However, several challenges remain. One is market access. In many jurisdictions, EV aggregators are still not recognized as formal market participants, limiting their ability to bid in wholesale markets or provide ancillary services. Regulatory frameworks need to evolve to accommodate these new actors. Another challenge is user trust. For the model to work, users must be willing to cede some control over their charging process. Transparent contracts, fair compensation, and reliable performance are essential to building that trust.

Technology readiness is also a factor. While the study assumes a high level of connectivity and control, not all EVs and charging stations are equipped with the necessary communication and control systems. Standards such as ISO 15118 and OpenADR are helping to bridge this gap, but widespread deployment will take time.

Despite these hurdles, the trajectory is clear: EVs are becoming active participants in the energy ecosystem. The work by Hou Hui, He Ziyin, and their colleagues provides a blueprint for how this transition can be managed in a way that benefits everyone—utilities, aggregators, consumers, and the environment.
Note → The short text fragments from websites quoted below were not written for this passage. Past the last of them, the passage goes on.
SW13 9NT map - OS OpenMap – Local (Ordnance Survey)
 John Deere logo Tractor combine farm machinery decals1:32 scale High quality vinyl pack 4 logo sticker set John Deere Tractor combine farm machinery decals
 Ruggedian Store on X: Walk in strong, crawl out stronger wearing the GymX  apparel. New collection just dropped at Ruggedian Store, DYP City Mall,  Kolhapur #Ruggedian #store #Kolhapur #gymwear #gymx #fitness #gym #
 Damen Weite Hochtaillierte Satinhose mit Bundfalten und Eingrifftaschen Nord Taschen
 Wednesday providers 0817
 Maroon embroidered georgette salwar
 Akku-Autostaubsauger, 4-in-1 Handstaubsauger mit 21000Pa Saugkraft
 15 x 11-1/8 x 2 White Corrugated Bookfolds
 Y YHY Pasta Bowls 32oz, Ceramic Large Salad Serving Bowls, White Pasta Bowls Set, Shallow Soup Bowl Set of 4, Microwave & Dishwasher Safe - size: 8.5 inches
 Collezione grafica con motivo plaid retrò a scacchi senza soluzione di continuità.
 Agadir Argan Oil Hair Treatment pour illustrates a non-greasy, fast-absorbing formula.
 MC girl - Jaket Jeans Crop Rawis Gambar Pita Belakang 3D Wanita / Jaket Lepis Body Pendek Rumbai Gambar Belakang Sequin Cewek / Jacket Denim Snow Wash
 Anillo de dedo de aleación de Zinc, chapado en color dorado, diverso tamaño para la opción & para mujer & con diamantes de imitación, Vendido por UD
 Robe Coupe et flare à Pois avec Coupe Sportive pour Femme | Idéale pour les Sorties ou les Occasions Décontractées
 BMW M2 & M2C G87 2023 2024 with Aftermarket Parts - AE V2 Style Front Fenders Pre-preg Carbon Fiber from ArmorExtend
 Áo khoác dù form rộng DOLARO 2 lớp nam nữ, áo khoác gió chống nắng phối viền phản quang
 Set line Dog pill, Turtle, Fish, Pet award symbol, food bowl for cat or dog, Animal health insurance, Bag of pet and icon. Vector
The study also opens the door to future research. The authors suggest exploring real-time bidding strategies, multi-market participation (such as combining energy and reserve markets), and more nuanced models of user preferences. They also highlight the importance of platform-based aggregation, where multiple aggregators compete on a shared digital marketplace, fostering innovation and efficiency.

In conclusion, the integration of EVs into the power grid is no longer a question of if, but how. This research demonstrates that with the right strategies, EV aggregators can become powerful tools for grid optimization, turning a potential liability into a valuable asset. As the energy transition accelerates, innovations like this will be essential to building a smarter, cleaner, and more resilient power system.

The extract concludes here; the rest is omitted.